Bu uzun rakipler listesi, ABD kuvvetlerinin ne kadar karmaşık ve tehlikeli bir ortamda faaliyet gösterdiğini ortaya koyuyor ve konuşlanmalarının altında yatan yasal gerekçeler hakkında soruları gündeme getiriyor.
Hem yerel, hem de uluslararası yasalar savaş yapmayı kısıtlıyor ve bu nedenle, prensipte ülke başkanı, istediği zaman tek taraflı olarak askeri güç kullanmaktan men ediliyor. 
ABD yasaları, Kongre tarafından onaylanan meşru müdafaa ve çatışmalar için istisnalar getiriyor ve uluslararası hukuk da benzer şekilde Birleşmiş Milletler Güvenlik Konseyi (BMGK) tarafından onaylanan meşru müdafaa ve kuvvete izin veriyor.
Ancak Kongre ve BMGK, hem politika, hem de siyasi nedenlerle çatışmaları onaylama konusunda isteksiz olduğundan, ABD hükümeti bu organları atlatmanın yaratıcı yollarını buldu. 
Bu hiçbir yerde, birbirini takip eden ABD yönetimlerinin çok çeşitli ABD operasyonlarına iç hukuk çerçevesinde uyum sağlamak için akıllı yasal manevralar yaptığı Suriye’den daha net olamaz.
2014’te Suriye’de savaşa girmenin asıl gerekçesi DEAŞ ve El Kaide ile savaşmaktı. 
Kongre, DEAŞ’a karşı savaşa önceden izin vermemiş olsa da, daha sonra ABD’nin DEAŞ’a karşı operasyonları için fon tahsis etti. 
Yine de Suriye’deki ABD kuvvetleri, 2016’dan bu yana, hiçbir Kongre yetkisi ve hatta tartışması olmadan bir avuç başka düşmanla da savaştı.
Bir anlamda ABD, Suriye’de köşeye sıkışmış olabilir. 
Uluslararası Kriz Grubu dahil gözlemciler, DEAŞ’a karşı mücadele amacıyla orada bulunan ABD askerlerinin Suriye’nin kuzeydoğusundaki gerilimde önemli bir rol oynamaya başladığını savunuyor.
Öte yandan gözlemciler, İran, Türkiye ve hatta Rusya dahil olmak üzere diğer bölgesel aktörlerin getirdiği komplikasyonlar ışığında, ABD’nin bu bölgeden özgürce çekilmesinin de kanlı sonuçlara yol açacağından korkuyor.
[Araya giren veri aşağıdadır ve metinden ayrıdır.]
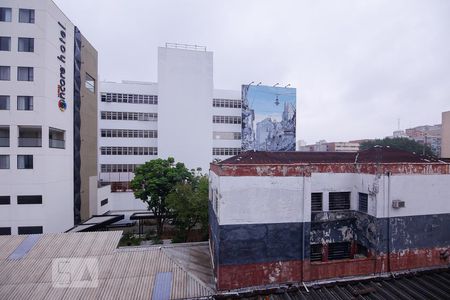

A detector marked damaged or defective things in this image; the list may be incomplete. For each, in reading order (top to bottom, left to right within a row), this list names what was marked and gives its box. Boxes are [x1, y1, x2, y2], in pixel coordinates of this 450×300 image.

rusty corrugated roof [218, 146, 442, 165]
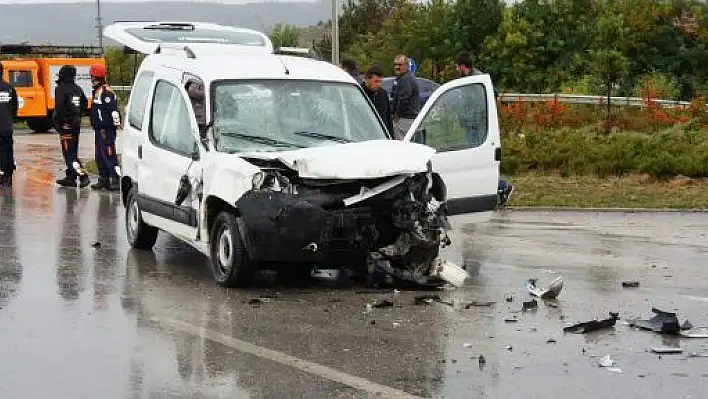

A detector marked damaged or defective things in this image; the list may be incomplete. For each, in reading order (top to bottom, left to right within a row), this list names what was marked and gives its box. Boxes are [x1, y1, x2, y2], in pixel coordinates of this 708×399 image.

damaged white van [106, 21, 504, 288]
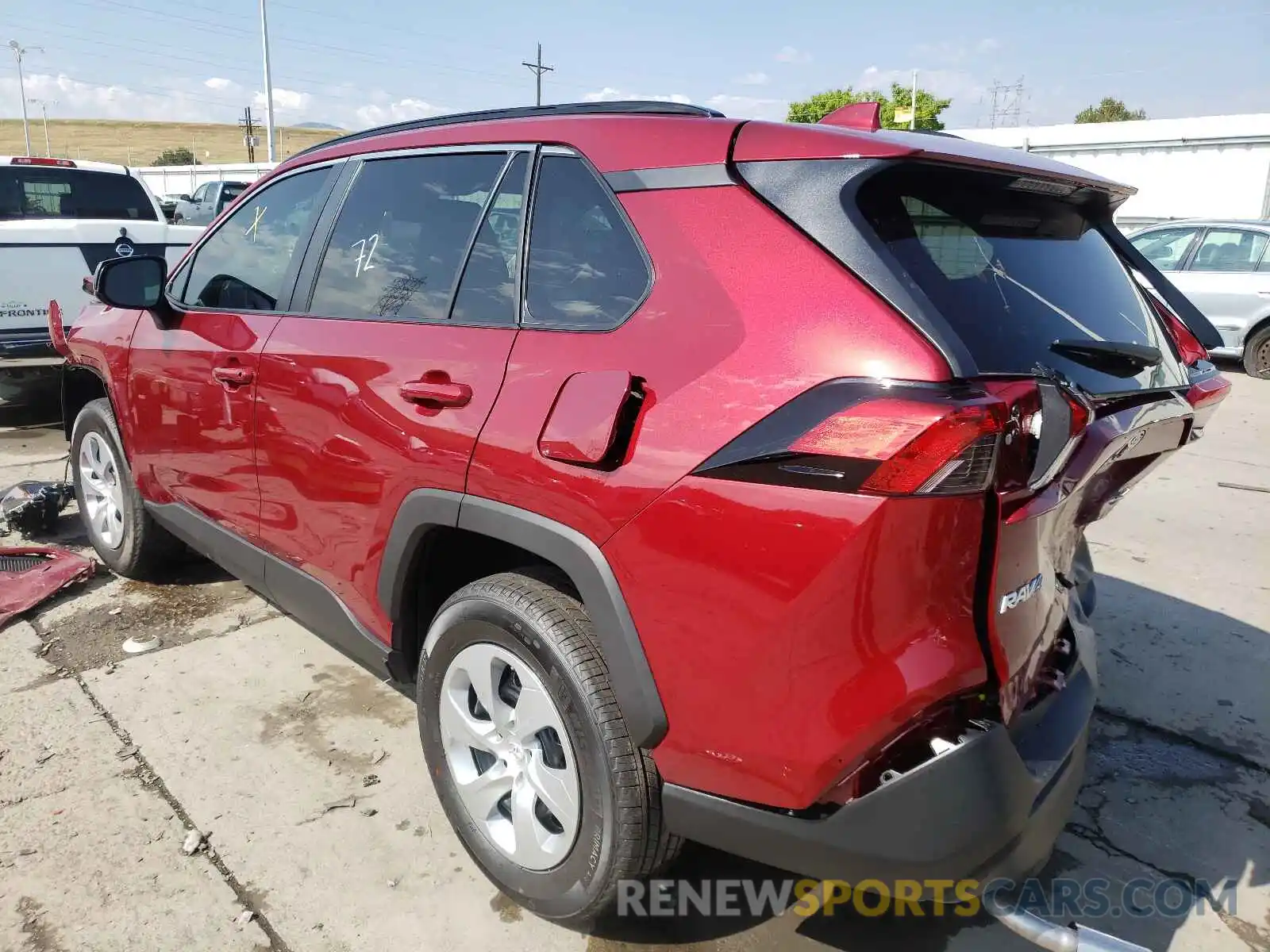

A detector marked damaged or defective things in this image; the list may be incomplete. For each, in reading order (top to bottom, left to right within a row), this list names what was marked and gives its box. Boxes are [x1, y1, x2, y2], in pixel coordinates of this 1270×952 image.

crumpled sheet metal [0, 548, 95, 629]
cracked concrete ground [2, 368, 1270, 949]
damaged rear bumper [660, 622, 1097, 898]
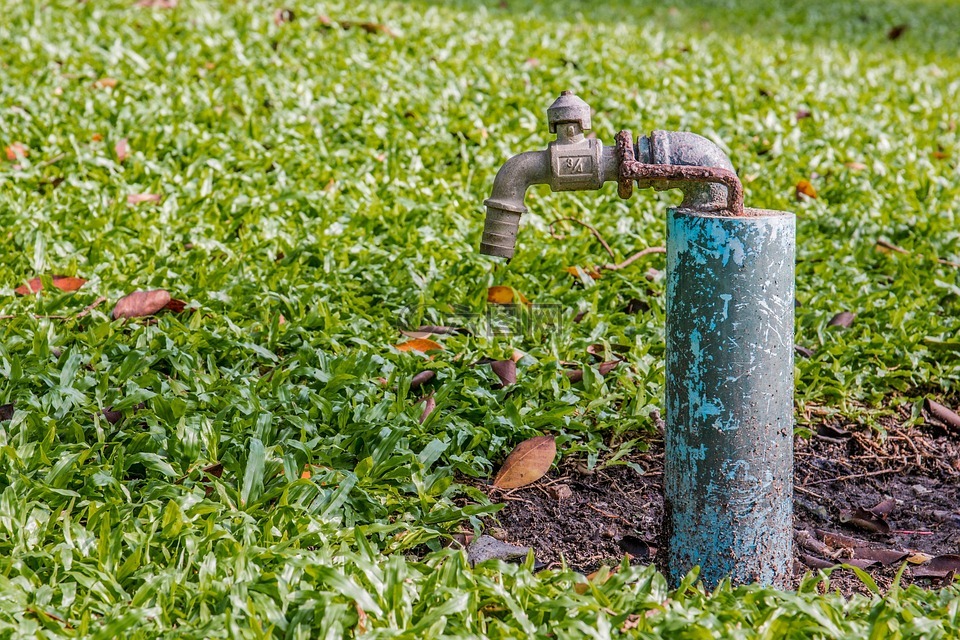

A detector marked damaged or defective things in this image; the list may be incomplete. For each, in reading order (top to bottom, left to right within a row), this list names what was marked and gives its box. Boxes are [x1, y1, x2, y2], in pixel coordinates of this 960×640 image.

rusty pipe elbow [478, 151, 548, 260]
peeling blue paint [668, 208, 796, 588]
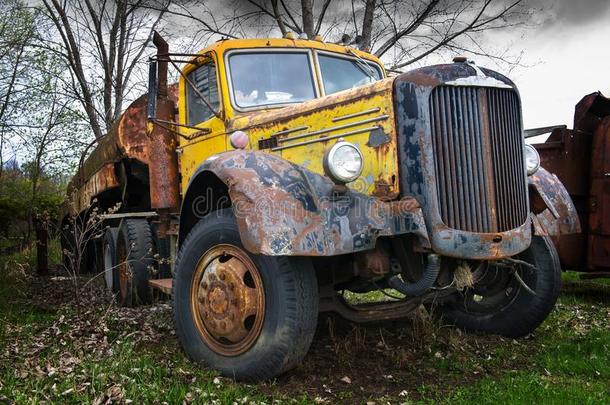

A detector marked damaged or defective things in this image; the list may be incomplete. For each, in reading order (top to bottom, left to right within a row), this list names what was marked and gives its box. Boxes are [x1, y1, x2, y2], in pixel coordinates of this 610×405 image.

rusted fender [183, 148, 426, 256]
rusty old truck [61, 33, 580, 380]
rusted fender [528, 166, 580, 237]
red rusted vehicle [528, 92, 608, 276]
rusty wheel rim [190, 243, 264, 354]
Gözlemciler, Kongre’den, ABD’nin Suriye’deki askeri faaliyetlerinin parametrelerini ve hedeflerini doğrudan tanımlayan yeni mevzuatı tartışmasını talep ediyorlar.
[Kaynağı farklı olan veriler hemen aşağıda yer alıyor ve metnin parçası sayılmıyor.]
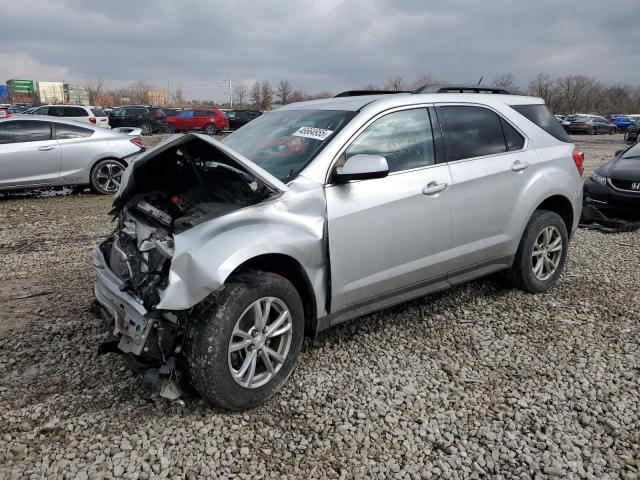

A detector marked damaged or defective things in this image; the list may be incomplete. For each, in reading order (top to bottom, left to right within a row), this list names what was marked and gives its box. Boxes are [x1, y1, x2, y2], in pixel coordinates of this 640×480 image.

damaged front end [92, 133, 288, 400]
crumpled hood [114, 133, 288, 206]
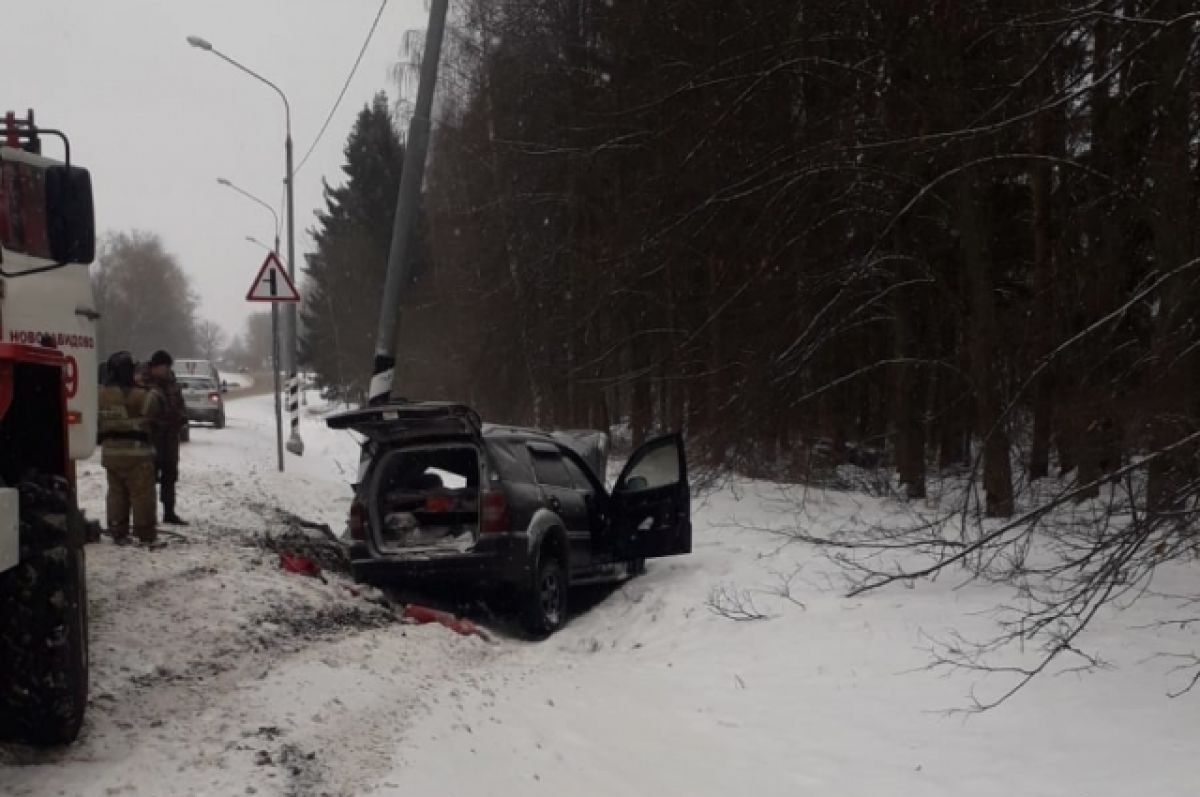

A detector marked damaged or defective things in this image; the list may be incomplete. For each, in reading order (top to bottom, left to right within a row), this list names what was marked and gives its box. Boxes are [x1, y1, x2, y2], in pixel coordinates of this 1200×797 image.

crashed black suv [326, 404, 692, 636]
Ancak bu çağrılar, en azından içinde bulunduğumuz dönemde, bu tür tartışmaları yapmak veya sahadaki durumu değiştirmek istemeyen Başkan Biden yönetiminin beyan ettiği niyetlerle çelişiyor.
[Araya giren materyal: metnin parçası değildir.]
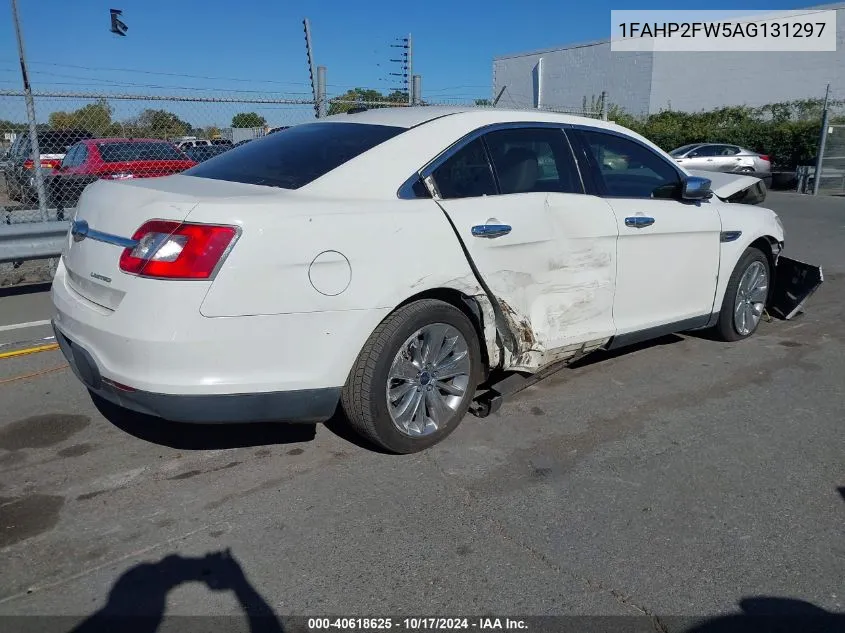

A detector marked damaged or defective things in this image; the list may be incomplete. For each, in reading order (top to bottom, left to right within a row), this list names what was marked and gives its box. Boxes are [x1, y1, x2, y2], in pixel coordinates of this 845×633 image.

exposed wheel well [398, 288, 494, 378]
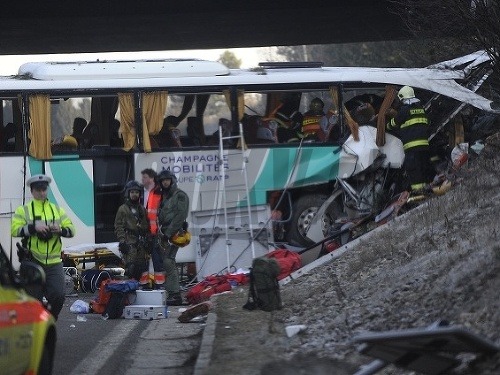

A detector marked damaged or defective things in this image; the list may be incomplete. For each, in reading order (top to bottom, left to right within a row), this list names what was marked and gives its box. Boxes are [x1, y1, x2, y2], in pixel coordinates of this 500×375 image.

wrecked bus [0, 51, 498, 278]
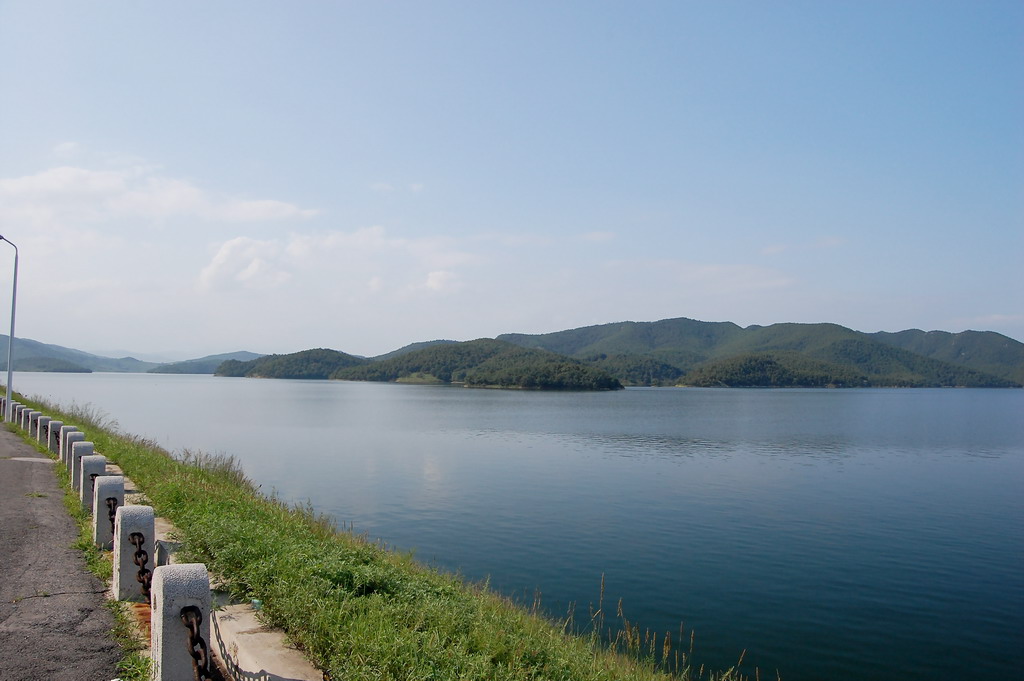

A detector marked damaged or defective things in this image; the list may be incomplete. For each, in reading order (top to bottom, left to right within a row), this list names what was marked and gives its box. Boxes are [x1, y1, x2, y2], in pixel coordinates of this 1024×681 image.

rusty chain [127, 532, 151, 602]
rusty chain [179, 602, 210, 675]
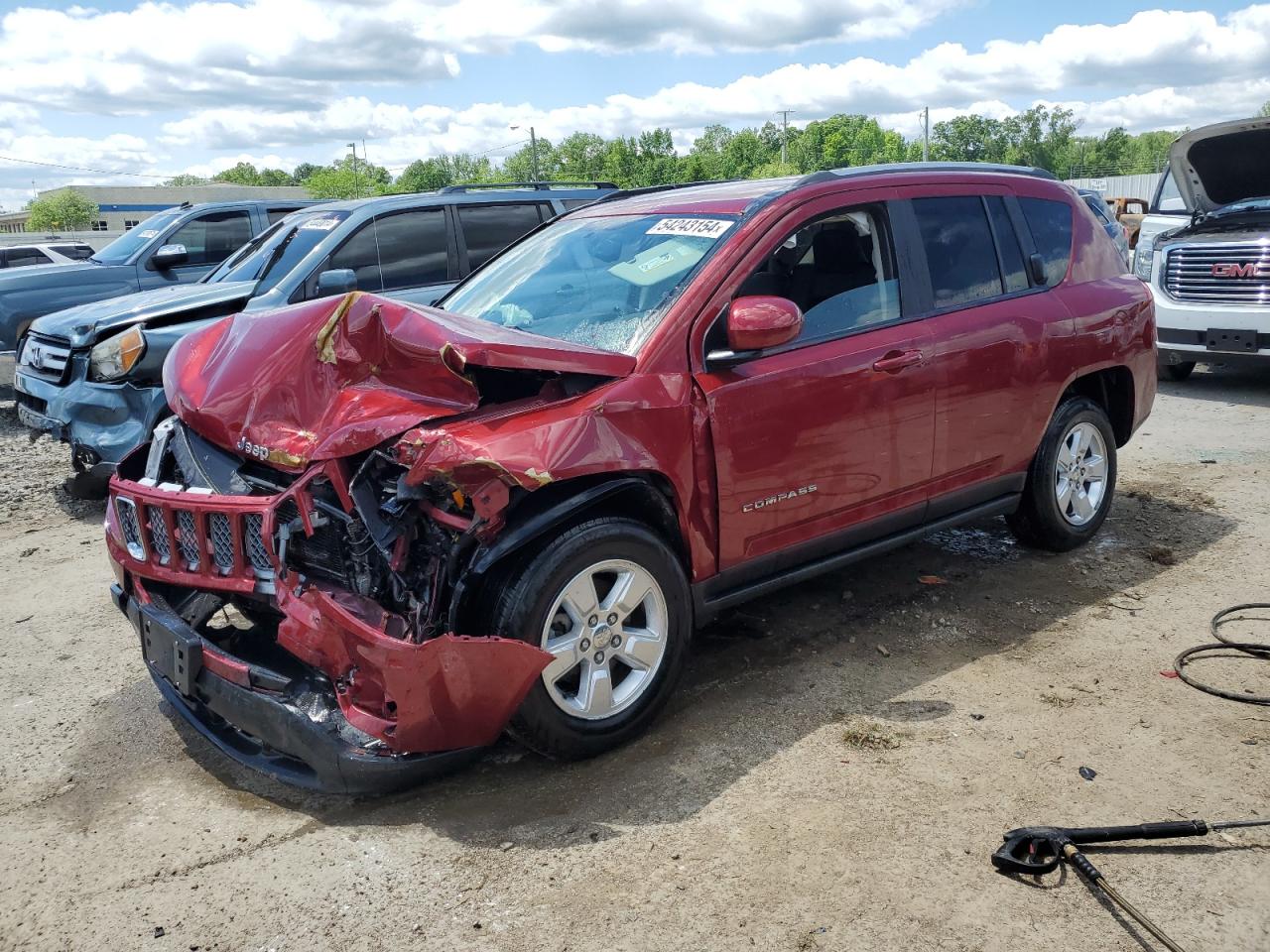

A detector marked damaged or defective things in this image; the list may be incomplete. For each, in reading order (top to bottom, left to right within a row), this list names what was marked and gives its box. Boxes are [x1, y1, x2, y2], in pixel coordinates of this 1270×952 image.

crumpled hood [1167, 115, 1270, 214]
broken headlight assembly [89, 325, 147, 381]
crumpled hood [30, 282, 256, 347]
crumpled hood [169, 290, 639, 468]
cracked windshield [444, 214, 734, 355]
severely damaged front end [106, 294, 643, 793]
crashed red jeep compass [104, 164, 1159, 789]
Foreign Affairs dergisinde yer alan haberde, “ABD yönetimi Suriye’deki mevcut rotasını sürdürse bile, ABD hükümetinin Suriye’de yaptığı hukuksal çarpıklıkların emsal olmasına izin verilmemeli” denildi.
Gözlemciler, İran destekli Hizbullah yanlısı gruplar tarafından Beyrut’taki ABD Büyükelçisi’ne yönelik tehditlerin ardından, asker ve diplomatlar olmak üzere ABD’lilere yönelik artan tehditlere dikkat çekiyor ve Biden yönetiminin bunlara nasıl yanıt vereceği sorularını gündeme getiriyor.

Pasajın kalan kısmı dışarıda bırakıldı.